Github user yucai commented on a diff in the pull request:
https://github.com/apache/spark/pull/10225#discussion_r47182068
--- Diff:
core/src/main/scala/org/apache/spark/storage/DiskBlockManager.scala ---
@@ -80,6 +77,65 @@ private[spark] class DiskBlockManager(blockManager:
BlockManager, conf: SparkCon
new File(subDir, filename)
}
+ def getFileDefault(filename: String): File = {
+ _getFile(filename, localDirs)
+ }
+ var getFile = getFileDefault _
+
+ private val hierarchyStore =
conf.getOption("spark.storage.hierarchyStore")
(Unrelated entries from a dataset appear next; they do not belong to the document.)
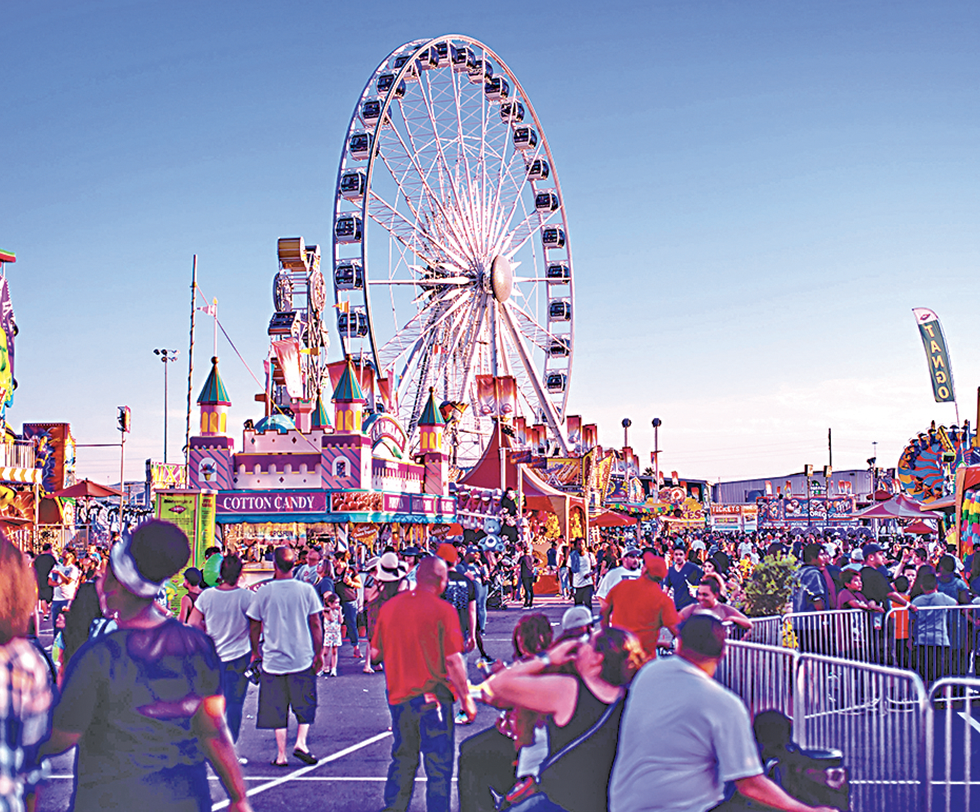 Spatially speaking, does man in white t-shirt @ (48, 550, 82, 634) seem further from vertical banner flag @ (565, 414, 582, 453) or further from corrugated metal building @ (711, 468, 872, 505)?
corrugated metal building @ (711, 468, 872, 505)

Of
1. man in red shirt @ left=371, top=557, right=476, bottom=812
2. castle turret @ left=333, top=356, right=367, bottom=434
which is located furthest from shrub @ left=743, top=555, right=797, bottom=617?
castle turret @ left=333, top=356, right=367, bottom=434

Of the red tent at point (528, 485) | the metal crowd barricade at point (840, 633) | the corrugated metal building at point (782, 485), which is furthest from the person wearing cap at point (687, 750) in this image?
the corrugated metal building at point (782, 485)

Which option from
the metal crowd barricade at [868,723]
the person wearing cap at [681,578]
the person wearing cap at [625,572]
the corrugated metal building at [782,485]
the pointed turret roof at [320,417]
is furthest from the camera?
the corrugated metal building at [782,485]

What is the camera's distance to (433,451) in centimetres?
3631

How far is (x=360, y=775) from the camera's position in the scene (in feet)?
25.5

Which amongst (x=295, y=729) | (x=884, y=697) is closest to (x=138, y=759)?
(x=884, y=697)

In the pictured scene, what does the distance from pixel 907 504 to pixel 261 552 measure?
21526mm

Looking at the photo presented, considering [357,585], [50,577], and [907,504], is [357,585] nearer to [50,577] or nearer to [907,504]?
[50,577]

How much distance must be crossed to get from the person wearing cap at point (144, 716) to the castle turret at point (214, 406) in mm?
27780

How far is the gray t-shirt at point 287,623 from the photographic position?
26.2 ft

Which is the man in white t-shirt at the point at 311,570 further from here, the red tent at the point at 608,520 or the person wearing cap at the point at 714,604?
the red tent at the point at 608,520

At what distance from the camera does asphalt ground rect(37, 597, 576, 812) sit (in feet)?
23.2

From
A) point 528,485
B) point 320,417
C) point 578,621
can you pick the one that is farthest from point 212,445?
point 578,621

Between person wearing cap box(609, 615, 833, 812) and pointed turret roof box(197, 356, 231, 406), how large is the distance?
92.7ft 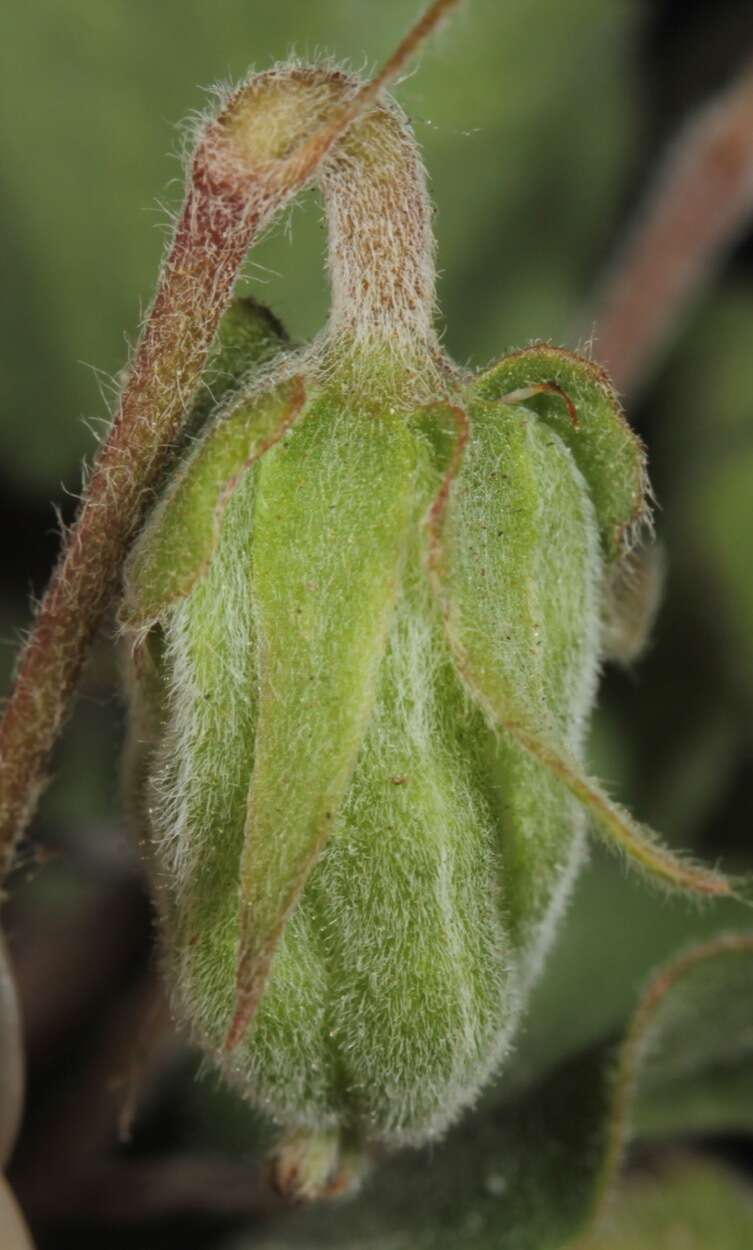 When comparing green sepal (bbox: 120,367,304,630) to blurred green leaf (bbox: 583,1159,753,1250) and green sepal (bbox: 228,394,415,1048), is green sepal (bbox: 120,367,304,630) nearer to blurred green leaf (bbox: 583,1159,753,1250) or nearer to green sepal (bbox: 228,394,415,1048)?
green sepal (bbox: 228,394,415,1048)

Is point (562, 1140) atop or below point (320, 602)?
below

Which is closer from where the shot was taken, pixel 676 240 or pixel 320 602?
pixel 320 602

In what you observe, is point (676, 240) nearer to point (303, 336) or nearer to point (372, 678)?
point (303, 336)

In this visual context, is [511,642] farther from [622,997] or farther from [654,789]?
[654,789]

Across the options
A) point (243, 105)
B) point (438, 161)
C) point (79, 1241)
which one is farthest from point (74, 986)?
point (243, 105)

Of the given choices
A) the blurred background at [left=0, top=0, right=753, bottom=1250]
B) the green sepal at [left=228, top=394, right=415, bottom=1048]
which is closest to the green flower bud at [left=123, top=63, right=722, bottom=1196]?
the green sepal at [left=228, top=394, right=415, bottom=1048]

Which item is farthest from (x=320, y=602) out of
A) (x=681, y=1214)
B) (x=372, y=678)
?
(x=681, y=1214) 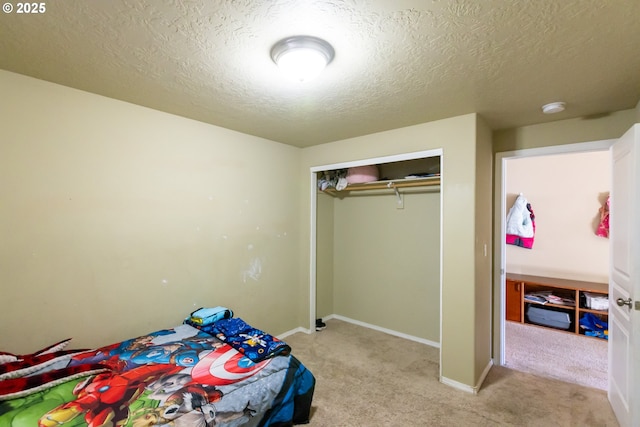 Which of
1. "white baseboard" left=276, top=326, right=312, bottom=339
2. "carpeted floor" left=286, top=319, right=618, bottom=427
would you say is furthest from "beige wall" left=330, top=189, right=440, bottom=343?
"white baseboard" left=276, top=326, right=312, bottom=339

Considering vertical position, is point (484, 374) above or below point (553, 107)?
below

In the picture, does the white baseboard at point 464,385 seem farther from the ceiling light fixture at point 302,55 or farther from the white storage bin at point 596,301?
the ceiling light fixture at point 302,55

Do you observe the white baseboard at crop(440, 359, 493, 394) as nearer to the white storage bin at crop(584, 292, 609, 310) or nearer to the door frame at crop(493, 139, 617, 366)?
the door frame at crop(493, 139, 617, 366)

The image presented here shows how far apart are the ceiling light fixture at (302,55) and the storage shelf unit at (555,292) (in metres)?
4.27

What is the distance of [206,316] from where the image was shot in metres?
2.54

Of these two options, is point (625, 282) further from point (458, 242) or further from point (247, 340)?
point (247, 340)

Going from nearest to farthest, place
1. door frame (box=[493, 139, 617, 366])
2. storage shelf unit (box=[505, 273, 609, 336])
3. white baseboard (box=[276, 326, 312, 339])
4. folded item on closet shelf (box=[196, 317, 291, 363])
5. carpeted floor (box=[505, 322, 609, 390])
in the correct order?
folded item on closet shelf (box=[196, 317, 291, 363]) < carpeted floor (box=[505, 322, 609, 390]) < door frame (box=[493, 139, 617, 366]) < white baseboard (box=[276, 326, 312, 339]) < storage shelf unit (box=[505, 273, 609, 336])

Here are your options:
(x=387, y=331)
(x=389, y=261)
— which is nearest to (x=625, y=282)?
(x=389, y=261)

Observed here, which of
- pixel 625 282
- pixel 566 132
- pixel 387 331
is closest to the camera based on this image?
pixel 625 282

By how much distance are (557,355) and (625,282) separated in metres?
1.72

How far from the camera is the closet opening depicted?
3.45m

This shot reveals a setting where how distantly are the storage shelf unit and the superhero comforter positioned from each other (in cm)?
362

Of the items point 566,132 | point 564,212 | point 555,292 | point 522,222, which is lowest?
point 555,292

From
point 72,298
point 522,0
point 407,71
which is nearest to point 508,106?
point 407,71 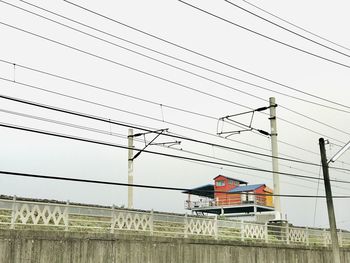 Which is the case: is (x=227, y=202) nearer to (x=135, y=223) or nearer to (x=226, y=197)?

+ if (hierarchyStore.isDefined) {
+ val HSLayers: Array[(String, Long)] =
+ hierarchyStore.get.trim.split(",").map {
+ s => val x = s.trim.split(" +")
+ (x(0), Utils.byteStringAsGb(x(1)))
+ }
+ val HSLayerDirs: Array[Array[File]] = HSLayers.map(
--- End diff --
Sorry about misunderstanding! The devices in spark.storage.hierarchyStore
are from the fastest to slowest.
Generally, user needs two steps to configure the hierarchy store.
1. Setup the priority and threshold for each layer.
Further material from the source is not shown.